We came thumping down on a windy day into the plains of Kazakhstan, the vehicle rolls to a stop, I'm hanging from the ceiling, they roll it the right way, I'm the third and last to come out, after Tom (Marshburn) and Roman (Romanenko). You can walk OK but they carry you because they want to prolong your adaptation as long as possible so they can gather as much medical data as they can, and that's fine. They plunk me down in a chair, give me a cup of tea, loosen my collar and then they hand me a satellite phone to talk to my wife and tell her I was OK. I said, "Helene, how are you? I'm back, it all worked out great." She said, "That's wonderful." I said, "How did the Leafs do?" And she said, "Oh, I'm sooooooo sorry." Oh well. So be it.
© NASA/Carla Cioffi
You were 7-years-old in the spring of 1967, the last time the Maple Leafs had a Stanley Cup parade. How close is Leafs Nation to having another one?

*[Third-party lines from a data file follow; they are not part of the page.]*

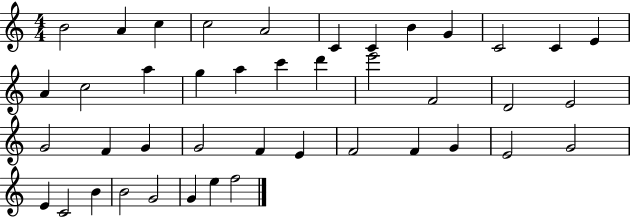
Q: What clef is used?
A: treble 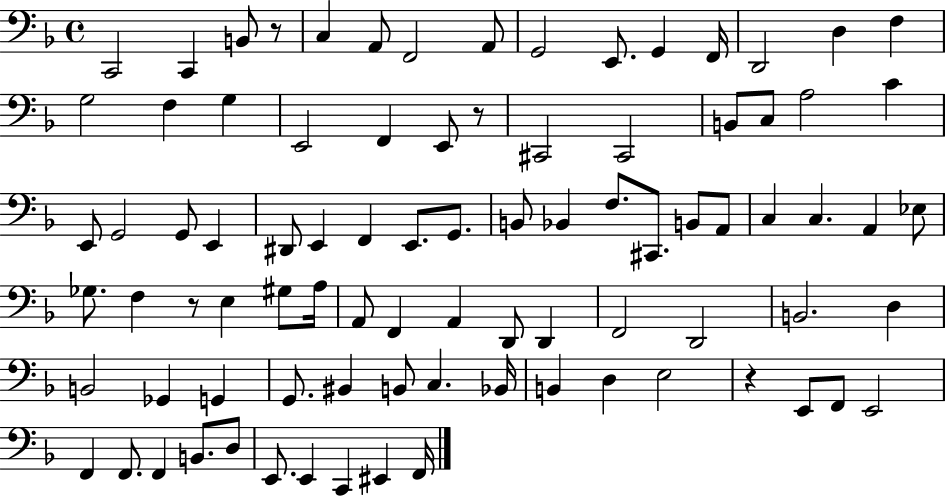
C2/h C2/q B2/e R/e C3/q A2/e F2/h A2/e G2/h E2/e. G2/q F2/s D2/h D3/q F3/q G3/h F3/q G3/q E2/h F2/q E2/e R/e C#2/h C#2/h B2/e C3/e A3/h C4/q E2/e G2/h G2/e E2/q D#2/e E2/q F2/q E2/e. G2/e. B2/e Bb2/q F3/e. C#2/e. B2/e A2/e C3/q C3/q. A2/q Eb3/e Gb3/e. F3/q R/e E3/q G#3/e A3/s A2/e F2/q A2/q D2/e D2/q F2/h D2/h B2/h. D3/q B2/h Gb2/q G2/q G2/e. BIS2/q B2/e C3/q. Bb2/s B2/q D3/q E3/h R/q E2/e F2/e E2/h F2/q F2/e. F2/q B2/e. D3/e E2/e. E2/q C2/q EIS2/q F2/s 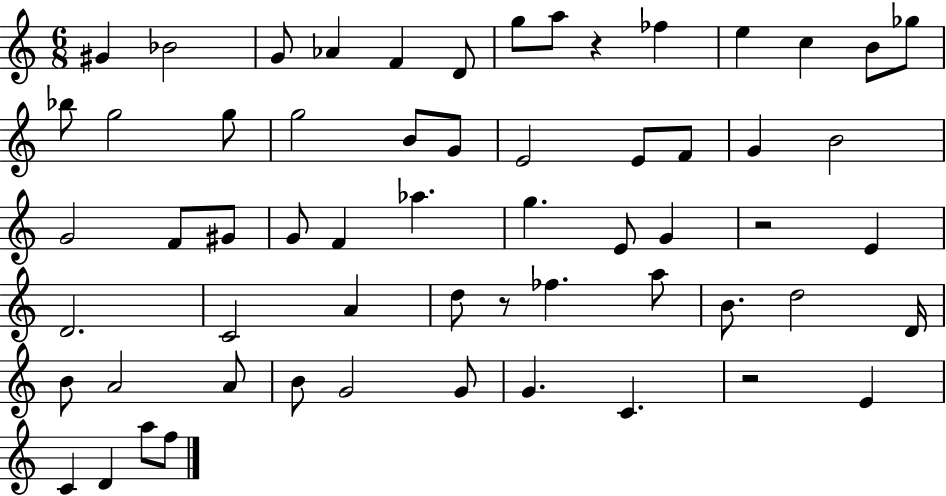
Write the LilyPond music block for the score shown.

{
  \clef treble
  \numericTimeSignature
  \time 6/8
  \key c \major
  \repeat volta 2 { gis'4 bes'2 | g'8 aes'4 f'4 d'8 | g''8 a''8 r4 fes''4 | e''4 c''4 b'8 ges''8 | \break bes''8 g''2 g''8 | g''2 b'8 g'8 | e'2 e'8 f'8 | g'4 b'2 | \break g'2 f'8 gis'8 | g'8 f'4 aes''4. | g''4. e'8 g'4 | r2 e'4 | \break d'2. | c'2 a'4 | d''8 r8 fes''4. a''8 | b'8. d''2 d'16 | \break b'8 a'2 a'8 | b'8 g'2 g'8 | g'4. c'4. | r2 e'4 | \break c'4 d'4 a''8 f''8 | } \bar "|."
} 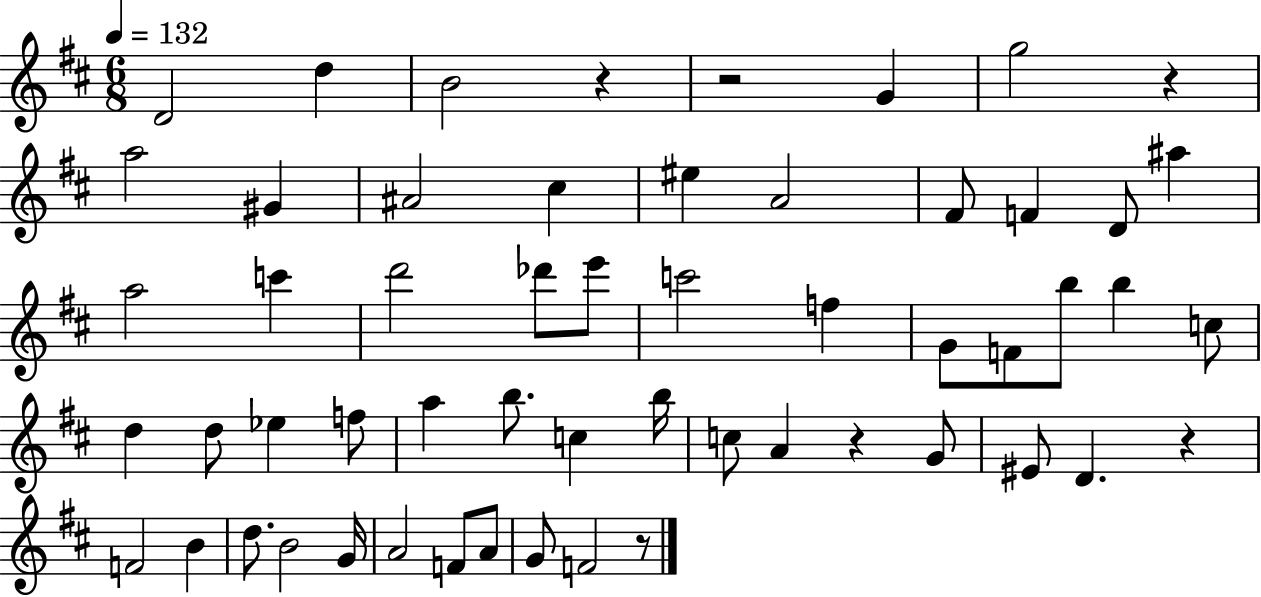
X:1
T:Untitled
M:6/8
L:1/4
K:D
D2 d B2 z z2 G g2 z a2 ^G ^A2 ^c ^e A2 ^F/2 F D/2 ^a a2 c' d'2 _d'/2 e'/2 c'2 f G/2 F/2 b/2 b c/2 d d/2 _e f/2 a b/2 c b/4 c/2 A z G/2 ^E/2 D z F2 B d/2 B2 G/4 A2 F/2 A/2 G/2 F2 z/2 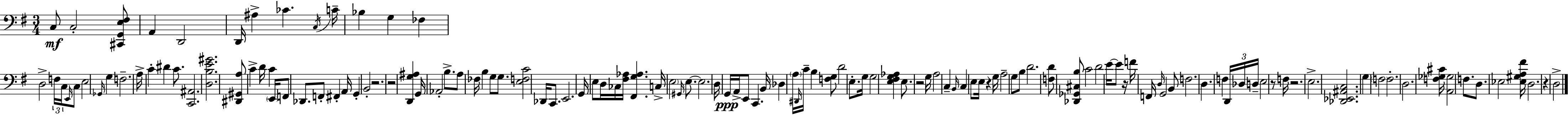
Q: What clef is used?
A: bass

Yes, the last one was before we first walked on the moon (laughs). We're a really impressive team this year. We score like nobody else. I wish we had a defense that could stop like nobody else, but we have some really smart people who know a lot more about hockey than I do and they've decided to set up this team this way. So far we're winning more than our share of games so that's interesting to watch. We have some skilled players and a mix of experience and inexperience that is pretty impressive. It's been fun to watch. When you fly a spaceship, if the only part of it you like is launch or a spacewalk or the landing, then you've missed the entire experience. If the only part of hockey that you like is the moment that your team wins the Stanley Cup, then you've missed a lot of the experience as well. That's not just a long-suffering Leafs fan talking.
I love how the game is played, the way people have to push themselves to a physical demonstration of skills and ability that is unbelievable, and you see it every game. The Leafs now are wonderful to watch. I have season tickets, and every night I'm in town when the Leafs are playing, I'm there. And as an added bonus I think they have a good shot of making it a long way this year. It's by no means a stretch to think that they have a shot at winning the whole thing. Just don't wait to the end to celebrate the magnificence that's going on.